Short text fragments from websites
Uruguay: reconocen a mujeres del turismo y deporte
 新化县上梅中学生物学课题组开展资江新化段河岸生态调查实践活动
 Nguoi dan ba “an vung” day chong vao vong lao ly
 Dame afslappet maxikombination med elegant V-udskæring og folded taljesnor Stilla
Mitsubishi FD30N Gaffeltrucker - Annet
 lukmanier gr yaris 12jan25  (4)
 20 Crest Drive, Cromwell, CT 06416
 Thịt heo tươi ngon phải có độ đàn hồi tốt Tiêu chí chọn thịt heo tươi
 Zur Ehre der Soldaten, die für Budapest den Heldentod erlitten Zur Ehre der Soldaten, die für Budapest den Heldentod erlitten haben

### [What the exercise asks]
Please copy the line that holds "新化县上梅中学生物学课题组开展资江新化段河岸生态调查实践活动" and each line under it through the last line above, exactly as they stand, adding nothing.

### [Your response]
 新化县上梅中学生物学课题组开展资江新化段河岸生态调查实践活动
 Nguoi dan ba “an vung” day chong vao vong lao ly
 Dame afslappet maxikombination med elegant V-udskæring og folded taljesnor Stilla
Mitsubishi FD30N Gaffeltrucker - Annet
 lukmanier gr yaris 12jan25  (4)
 20 Crest Drive, Cromwell, CT 06416
 Thịt heo tươi ngon phải có độ đàn hồi tốt Tiêu chí chọn thịt heo tươi
 Zur Ehre der Soldaten, die für Budapest den Heldentod erlitten Zur Ehre der Soldaten, die für Budapest den Heldentod erlitten haben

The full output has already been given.